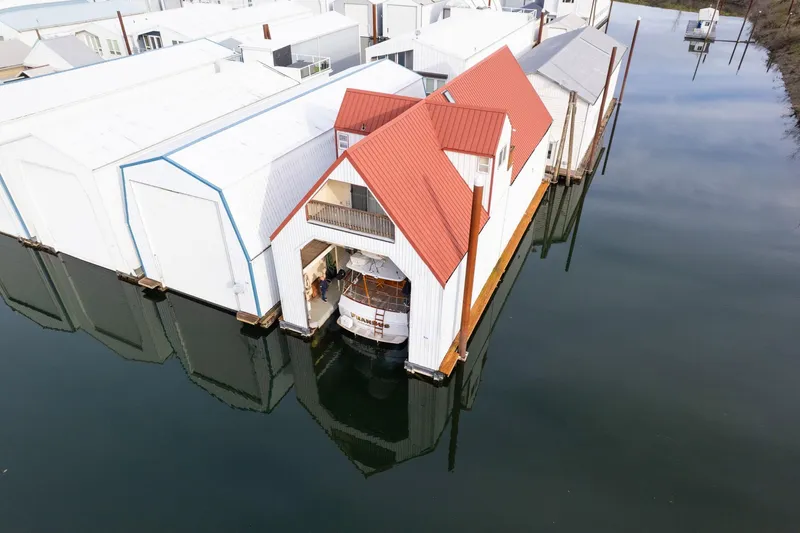 Slide: The Image of Aerial view of a 1976 custom boathouse with red roof on calm water. - 45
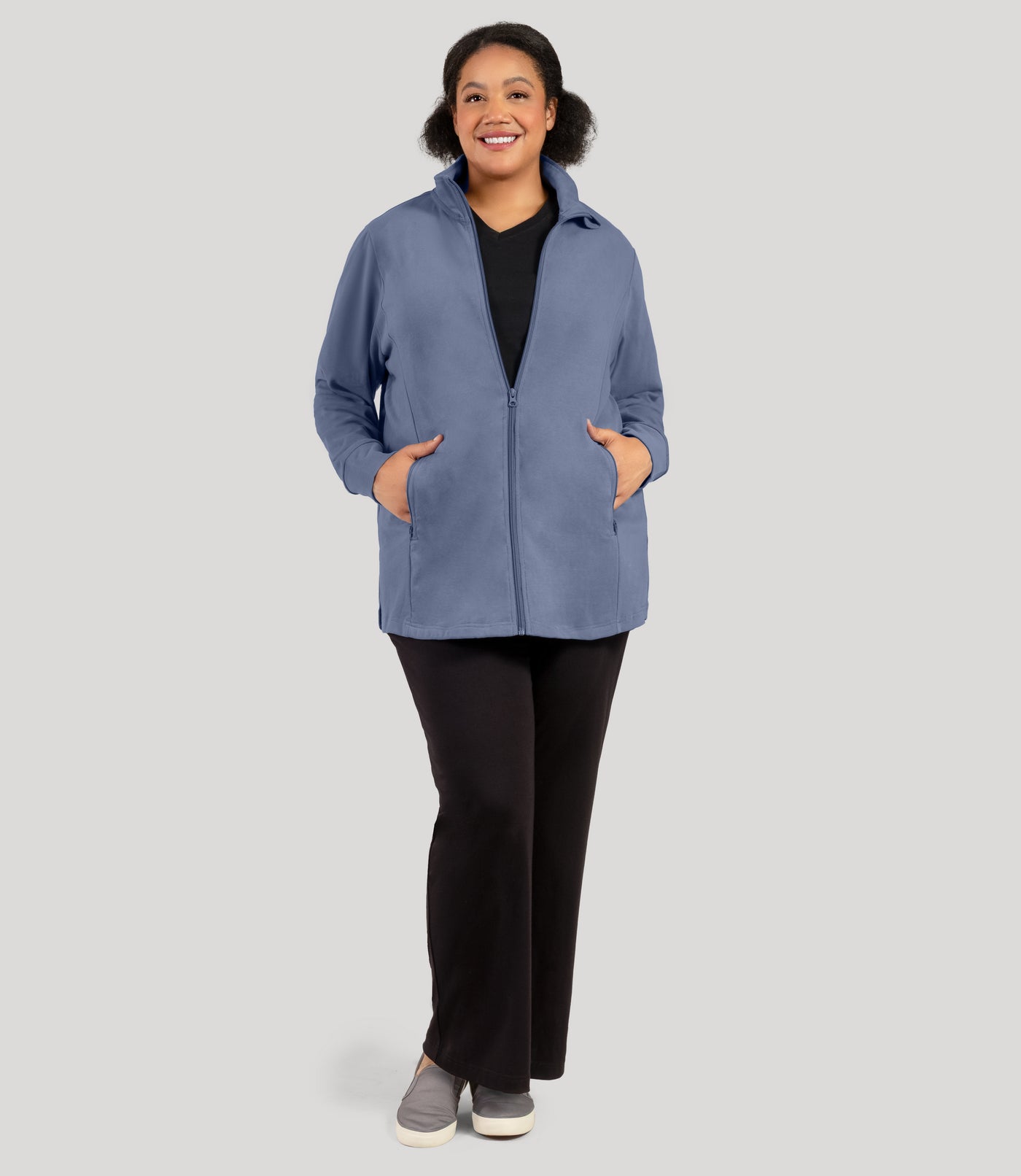 Plus size woman, facing front and full length shot, wearing JunoActive's Legacy Cotton Casual Mock Neck Zip up plus size jacket in color blue steel. Jacket is zipped.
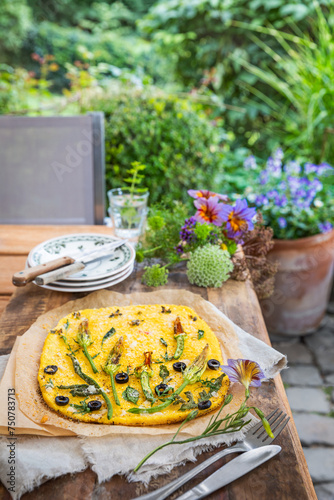 Włoska zapiekanka z polenty podana na drewnianym stole w ogrodzie.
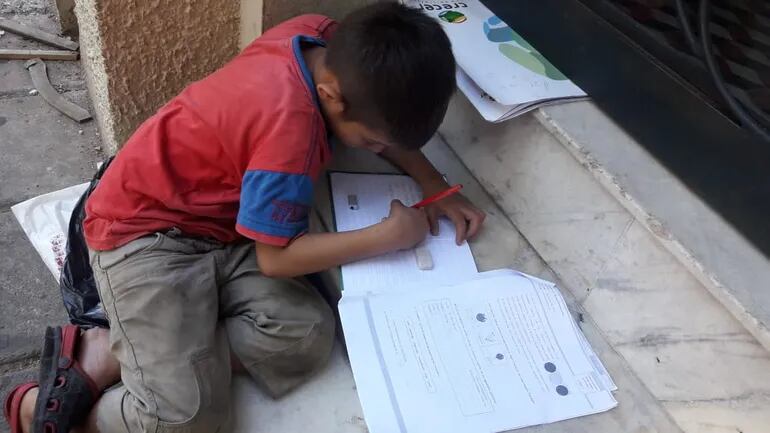 Un niño estudia con folletos en una vereda del centro asunceno.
******
Aim of the task => Quote the data exactly, leaving every image out of the copy.

Answer space =>
 Slide: The Image of Aerial view of a 1976 custom boathouse with red roof on calm water. - 45
 Plus size woman, facing front and full length shot, wearing JunoActive's Legacy Cotton Casual Mock Neck Zip up plus size jacket in color blue steel. Jacket is zipped.
 Włoska zapiekanka z polenty podana na drewnianym stole w ogrodzie.
 Un niño estudia con folletos en una vereda del centro asunceno.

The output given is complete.